Source data
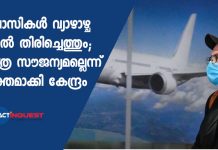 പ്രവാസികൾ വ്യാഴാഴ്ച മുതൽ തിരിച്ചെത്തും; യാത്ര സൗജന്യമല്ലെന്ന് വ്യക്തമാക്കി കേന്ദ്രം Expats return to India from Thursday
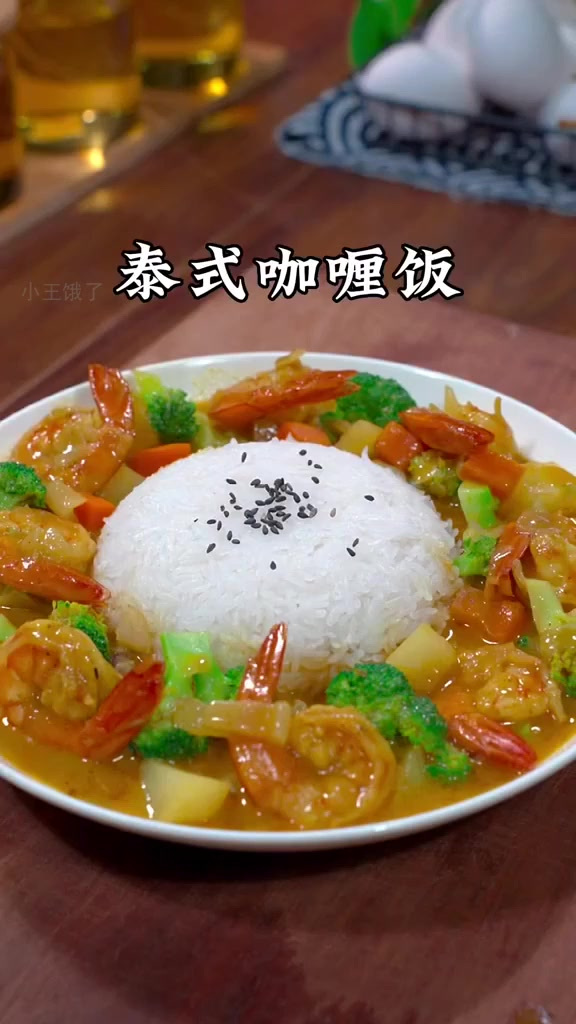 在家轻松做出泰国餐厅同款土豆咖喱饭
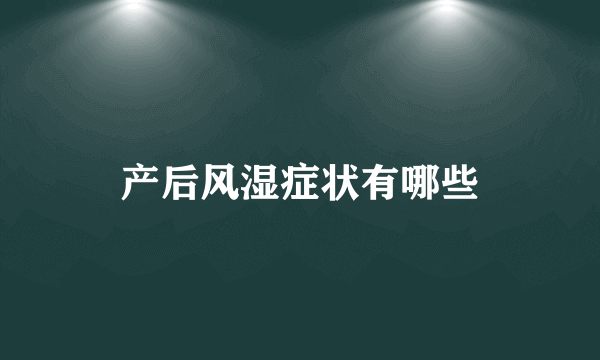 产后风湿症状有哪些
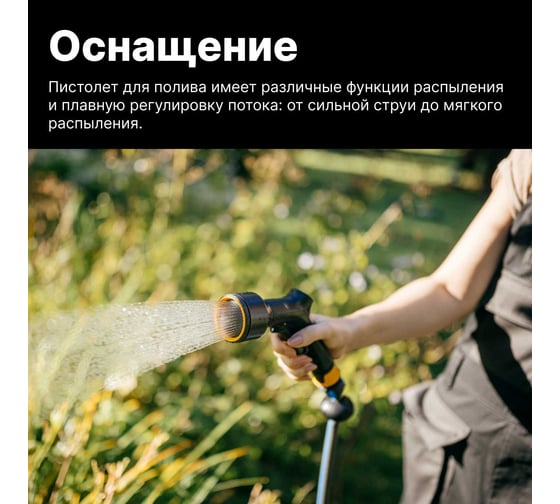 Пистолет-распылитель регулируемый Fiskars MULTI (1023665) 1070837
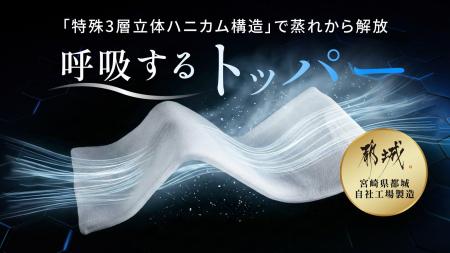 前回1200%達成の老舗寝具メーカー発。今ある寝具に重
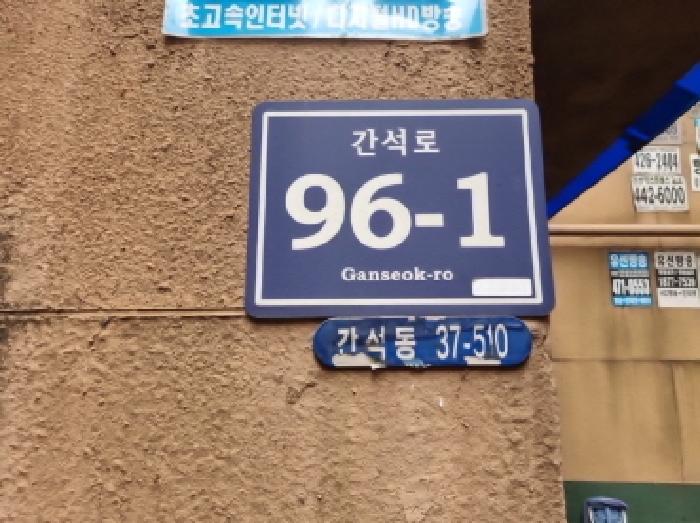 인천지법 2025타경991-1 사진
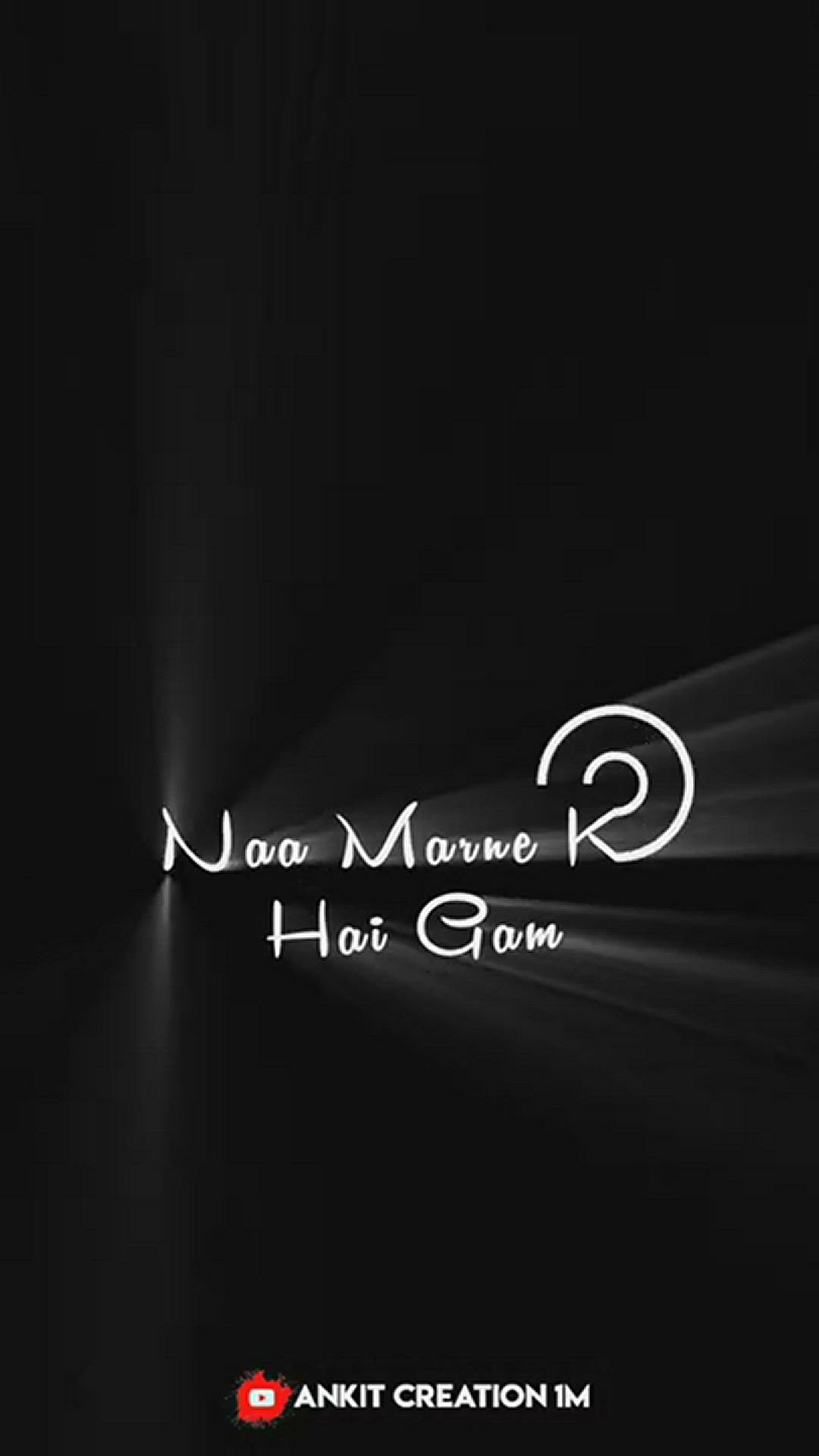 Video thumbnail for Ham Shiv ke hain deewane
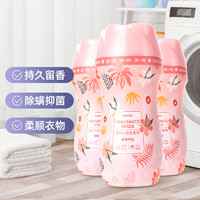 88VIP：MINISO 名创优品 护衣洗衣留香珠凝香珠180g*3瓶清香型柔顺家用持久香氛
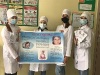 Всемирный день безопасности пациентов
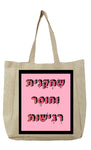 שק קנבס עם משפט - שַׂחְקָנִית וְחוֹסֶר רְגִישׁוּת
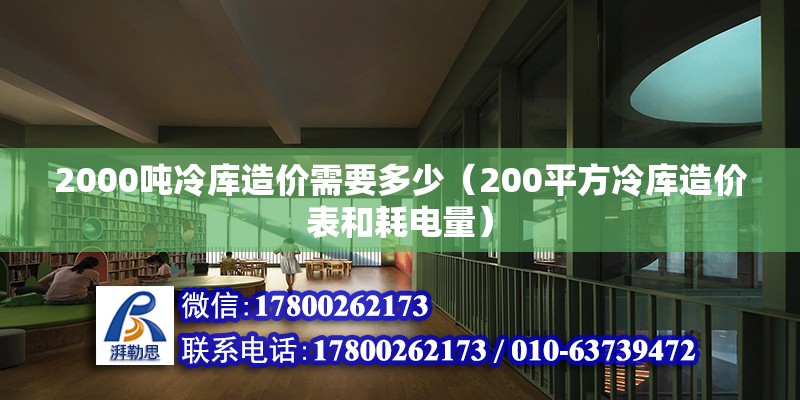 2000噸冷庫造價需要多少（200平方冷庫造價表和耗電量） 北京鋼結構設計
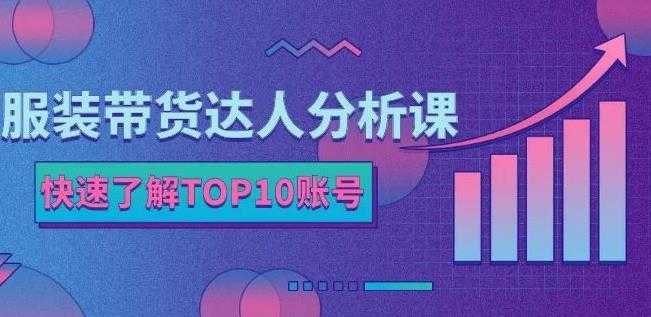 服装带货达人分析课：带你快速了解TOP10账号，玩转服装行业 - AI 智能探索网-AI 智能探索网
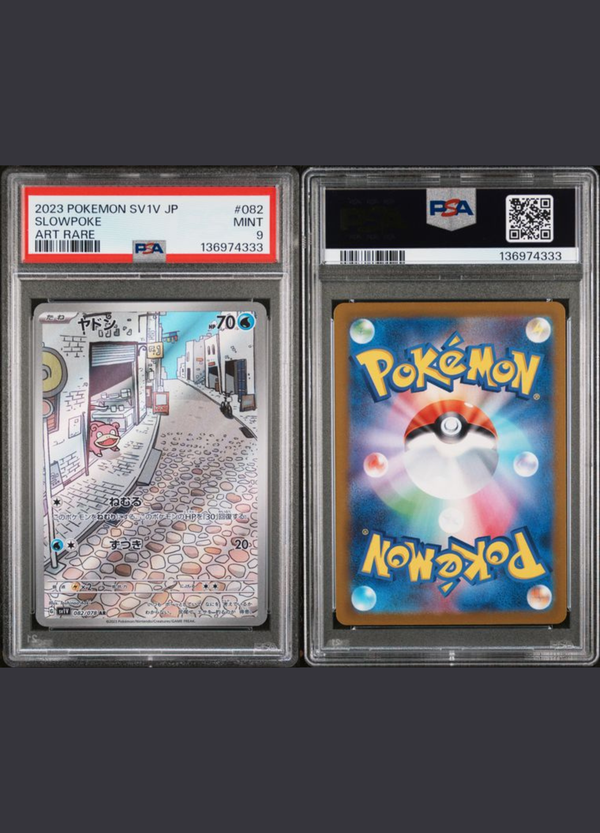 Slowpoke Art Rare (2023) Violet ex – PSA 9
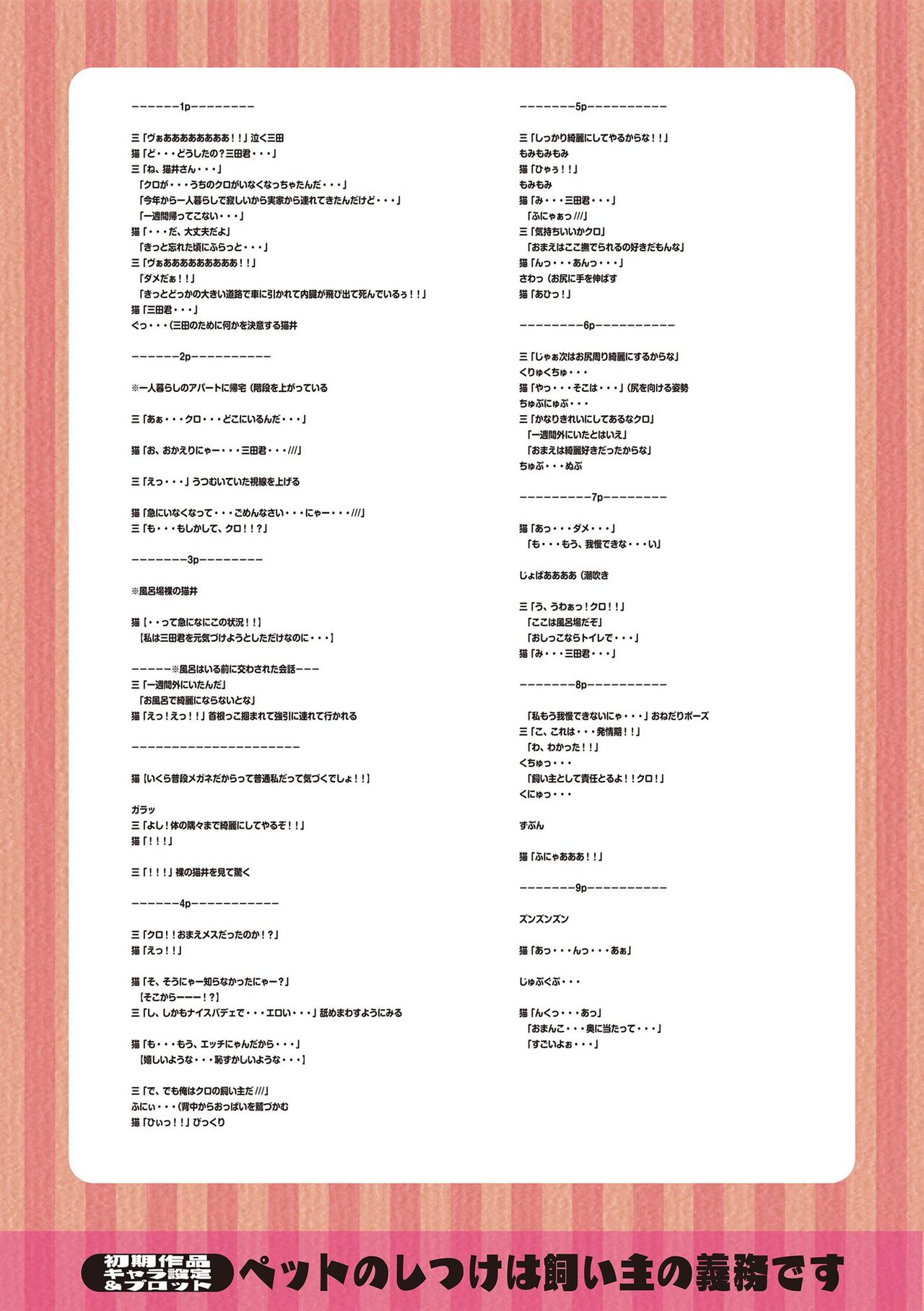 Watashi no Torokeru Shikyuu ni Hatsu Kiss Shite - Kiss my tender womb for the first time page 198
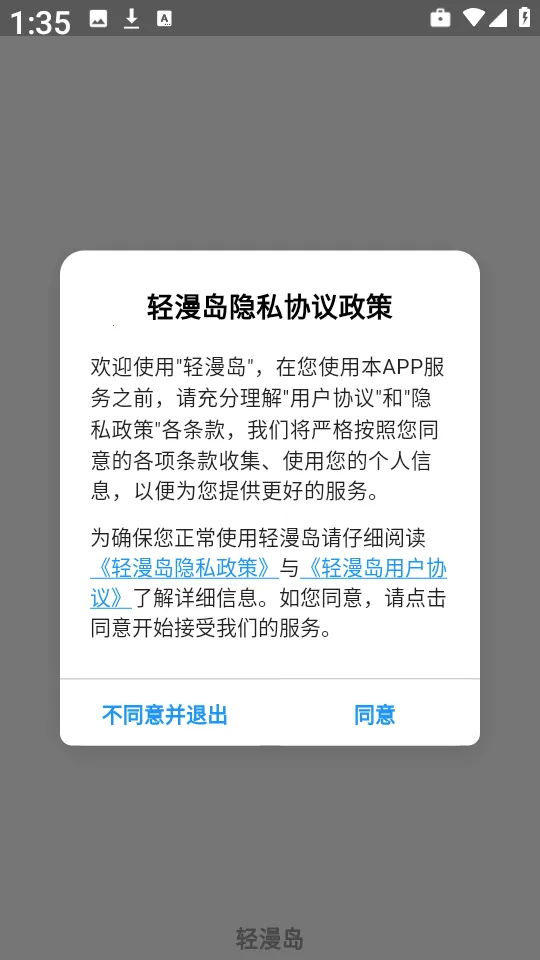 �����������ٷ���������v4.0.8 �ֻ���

● **Task objective**: Because pictures are not wanted, give every entry above again exactly without them.

● **Solution**:
 പ്രവാസികൾ വ്യാഴാഴ്ച മുതൽ തിരിച്ചെത്തും; യാത്ര സൗജന്യമല്ലെന്ന് വ്യക്തമാക്കി കേന്ദ്രം Expats return to India from Thursday
 在家轻松做出泰国餐厅同款土豆咖喱饭
 产后风湿症状有哪些
 Пистолет-распылитель регулируемый Fiskars MULTI (1023665) 1070837
 前回1200%達成の老舗寝具メーカー発。今ある寝具に重
 인천지법 2025타경991-1 사진
 Video thumbnail for Ham Shiv ke hain deewane
 88VIP：MINISO 名创优品 护衣洗衣留香珠凝香珠180g*3瓶清香型柔顺家用持久香氛
 Всемирный день безопасности пациентов
 שק קנבס עם משפט - שַׂחְקָנִית וְחוֹסֶר רְגִישׁוּת
 2000噸冷庫造價需要多少（200平方冷庫造價表和耗電量） 北京鋼結構設計
 服装带货达人分析课：带你快速了解TOP10账号，玩转服装行业 - AI 智能探索网-AI 智能探索网
 Slowpoke Art Rare (2023) Violet ex – PSA 9
 Watashi no Torokeru Shikyuu ni Hatsu Kiss Shite - Kiss my tender womb for the first time page 198
 �����������ٷ���������v4.0.8 �ֻ���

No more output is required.